## Work to complete
Reproduce exactly, from the data that follows, the line with "Used BMW 4 Series", the line with "Foto c3ada8b0-cd73-482b-9758-138d33c4cc03. Chalet", and every line that lies between them.

## Records to use
# # #
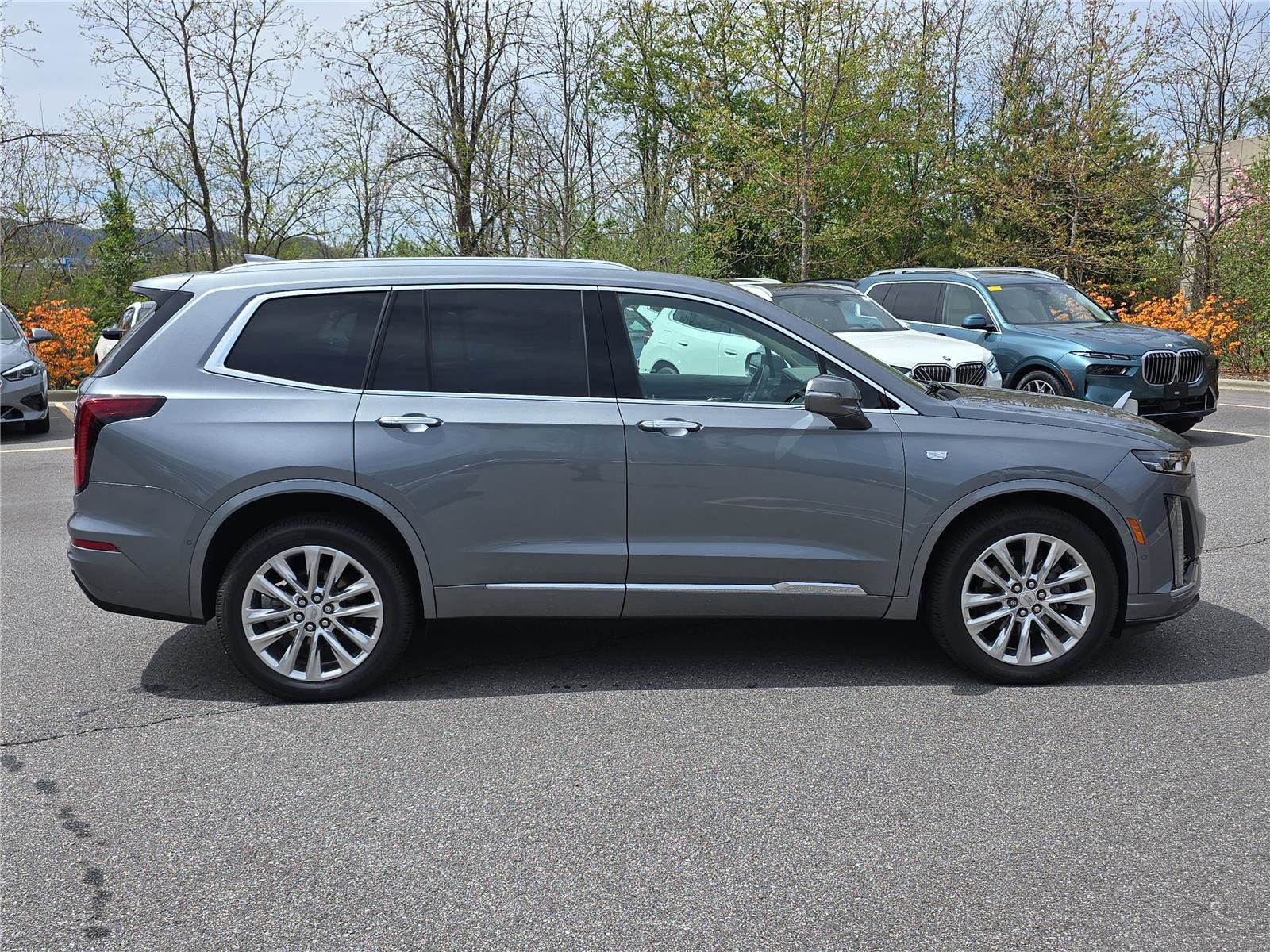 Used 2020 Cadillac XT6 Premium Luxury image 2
# # #
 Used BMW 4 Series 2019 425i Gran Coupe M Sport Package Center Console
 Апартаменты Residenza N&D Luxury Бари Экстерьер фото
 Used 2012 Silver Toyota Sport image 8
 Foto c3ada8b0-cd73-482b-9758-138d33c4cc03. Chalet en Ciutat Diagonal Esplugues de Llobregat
# # #
## Output for this exercise
 Used BMW 4 Series 2019 425i Gran Coupe M Sport Package Center Console
 Апартаменты Residenza N&D Luxury Бари Экстерьер фото
 Used 2012 Silver Toyota Sport image 8
 Foto c3ada8b0-cd73-482b-9758-138d33c4cc03. Chalet en Ciutat Diagonal Esplugues de Llobregat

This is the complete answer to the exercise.